• WHAT YOU NEED TO DO: Print all the data below exactly, without images.

*** DATA EXCERPT ***

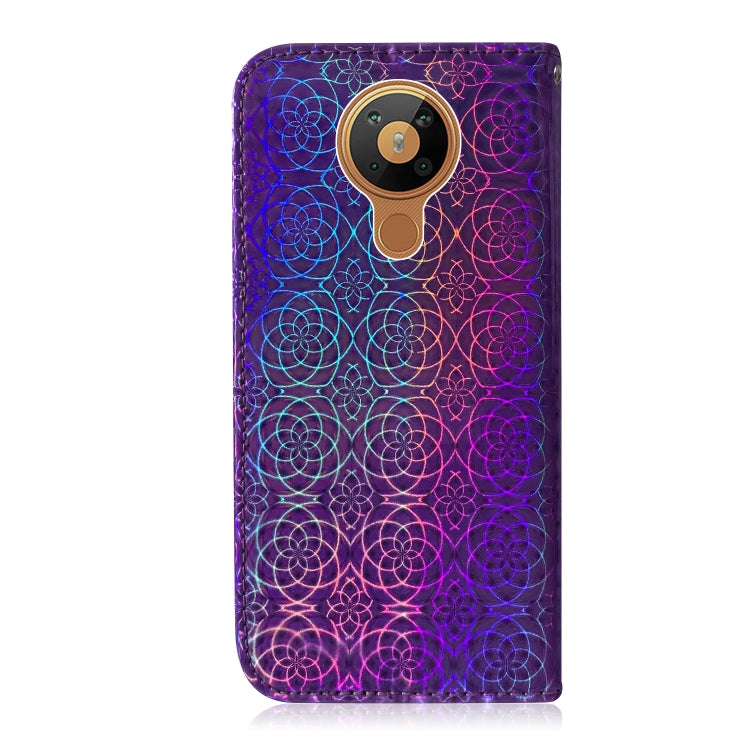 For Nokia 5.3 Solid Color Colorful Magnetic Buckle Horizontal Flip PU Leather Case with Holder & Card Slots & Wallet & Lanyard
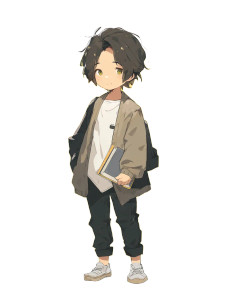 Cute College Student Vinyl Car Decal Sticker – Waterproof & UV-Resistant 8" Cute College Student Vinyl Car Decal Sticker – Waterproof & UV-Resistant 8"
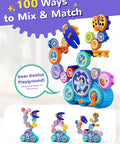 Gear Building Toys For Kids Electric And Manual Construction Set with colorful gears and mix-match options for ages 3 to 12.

*** End of DATA EXCERPT ***

• WRITTEN RESPONSE:
 For Nokia 5.3 Solid Color Colorful Magnetic Buckle Horizontal Flip PU Leather Case with Holder & Card Slots & Wallet & Lanyard
 Cute College Student Vinyl Car Decal Sticker – Waterproof & UV-Resistant 8" Cute College Student Vinyl Car Decal Sticker – Waterproof & UV-Resistant 8"
 Gear Building Toys For Kids Electric And Manual Construction Set with colorful gears and mix-match options for ages 3 to 12.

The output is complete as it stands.